Given $B=\{e_1,\dots,e_n\}$ a basis of a K-vector space $V$, and $f$ the only endomorphism such that
$f(e_i)=\begin{cases} e_1-e_2, & \mbox{if } i=1 \\ -e_{i-1}+e_i-e_{i+1}, & \mbox{if } 2 \le i \le n-1 \\ -e_{n-1}+e_n, & \mbox{if } i=n \end{cases} $
I have to prove that f is invertible iff $n \equiv 0,1\mod 3$.
If that's the case, show that
$f^{-1}(e_1)=\begin{cases} e_1+\sum_{k=1}^m (-1)^k(e_{3k}+e_{3k+1}) & \mbox{if } n=3m+1 \\ \sum_{k=1}^m (-1)^k(e_{3k-1}+e_{3k}) & \mbox{if } 2 \le i \le n-1 \end{cases}$
I've already proved that f is bijective iff $n \equiv 0,1 \mod3$, and now I'm proving the second part, with the case $n=3m+1$. Here's what I do.
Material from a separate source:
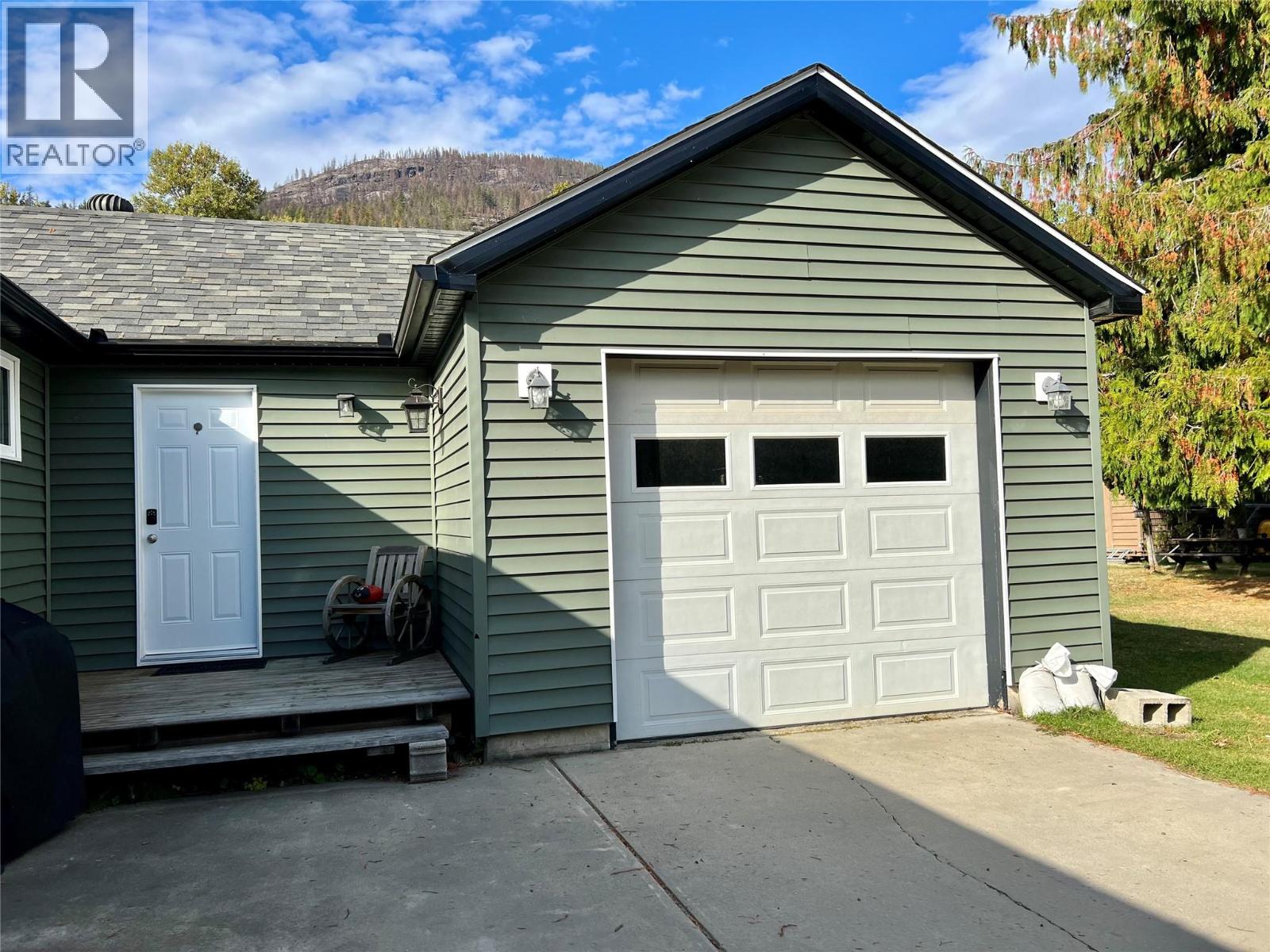 515 Main Street, Slocan, British Columbia  V0G 2C0 - Photo 28 - 10373988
Supose that $n=3m+1$. Using the definition of f:
$f(e_1+\sum_{k=1}^m (-1)^k(e_{3k}+e_{3k+1}))=\\ =f(e_1)+\sum_{k=1}^{m-1}(-1)^kf(e_{3k}+e_{3k+1})+(-1)^mf(e_{3m})+(-1)^mf(e_{3m+1})\\ =e_1-e_2+\sum_{k=1}^{m-1}(-1)^k(-e_{3k_1}-e_{3k+2})+(-1)^m(-e_{3m-1})$
From here I don't know how to continue.
Note that a lot of terms cancel due to the alternating sign: $$ \sum_{k=1}^{m-1} (-1)^k( -e_{3k-1} - e_{3k+2} ) = e_2 - (-1)^{m-1} e_{3m-1} = e_2 +(-1)^me_{3m-1}. $$ Then $$ f(e_1 + \sum(\dots)) = e_1. $$